The devaluation, which was a condition for the Malawi Government to clinch the four-year $175 million (about K297.5 billion) International Monetary Fund (IMF) Extended Credit Facility (ECF) programme, brought the expectation that foreign currency would start flowing into the formal market and reduce depreciation pressure on the kwacha.
However, in its January 2024 Economic and Business Review, Malawi Confederation of Chambers of Commerce and Industry (MCCCI) said the scarcity is despite the stability of the foreign exchange rate.
Reads the review in part: “Despite the stability of the foreign exchange rate, following the devaluation, forex is still scarce, and the difficulties of acquiring raw materials and machinery still persist.”
MCCCI says while the IMF initiative is a stamp of approval for Malawi’s commitment to creating a conducive business environment, and that there is an expectation of increased foreign direct investment following the ECF, this intervention will take time to manifest.
“We, therefore, should expect some of the macroeconomic fundamentals to be unfavourable for an extended period.”
Following the devaluation, the kwacha has remained stable at K1 7000 against the US dollar.
Already, in January 2024 alone, RBM has conducted two foreign exchange auctions aimed at determining the prevailing market clearing price of the Malawi kwacha against the US dollar and other major currencies.
Based on the results of the auction, the market selling price has been maintained at K1 700.00.
At the same time, the spread between official and parallel market rates has narrowed to about five percent from about 60 percent.
This means that while the official rate is hovering at K1 700 in authorised dealer banks, on the parallel market the dollar is trading at around K1 900.
During the same period last year, the kwacha was trading at K1 034.71 against the US dollar, representing a 64.1 percent depreciation in a year.
However, compared to the same month in 2023, the kwacha has depreciated by a great margin, largely due to the 44 percent devaluation in November 2023.
Market analyst Cosmas Chigwe said in an interview that at the moment, the market is riding on the wave of expectations created by the ECF programme.
“However, if this is not backed by the actual flow of foreign currency, it will eventually fade and we will be back to square one,” he said.
RBM spokesperson Mark Lungu has since conceded that the country is still facing some foreign exchange shortages.

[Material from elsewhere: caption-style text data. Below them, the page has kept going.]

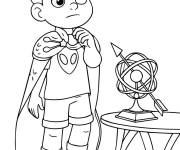 Coloriage Elio en cape de superh&eacute;ros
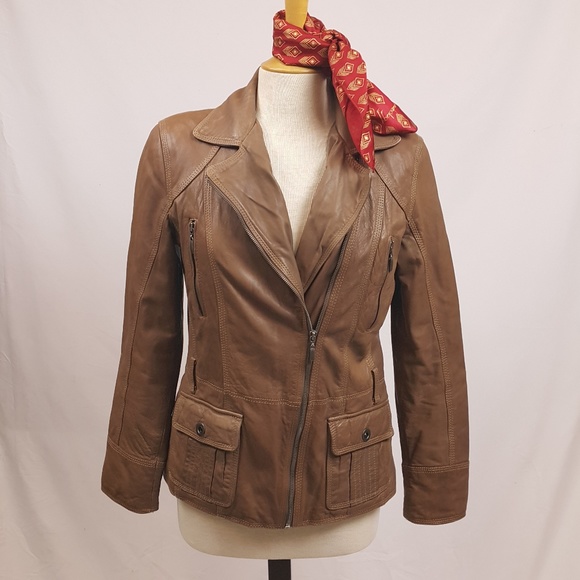 vintage Laura di Sarpi Tan Genuine Leather Jacket sz 38 - Picture 1 of 7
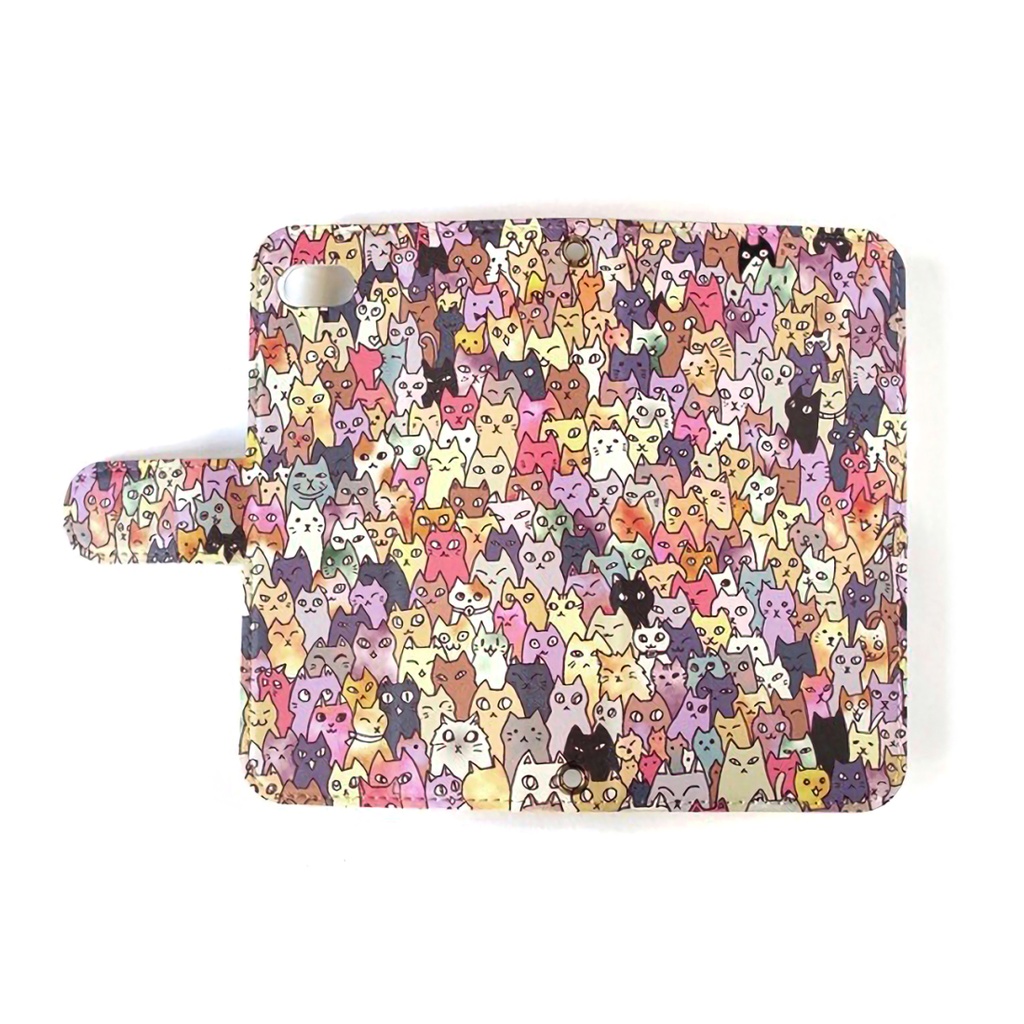 【送料無料】にゃんこ大集合 手帳型iPhoneケース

“We acknowledge that the country is still facing challenges on availability of foreign exchange as demand continues to outpace supply,” he said.
In the 2023/24 Mid-Year Budget Review Statement, Minister of Finance and Economic Affairs Simplex Chithyola Banda told Parliament that following the ECF approval, Malawi is expected to receive $240 million (about K408 billion) up to the end of March 2024.
The RBM devalued the kwacha following imbalances and the mismatch in the exchange rate in cash and telegraphic transfer.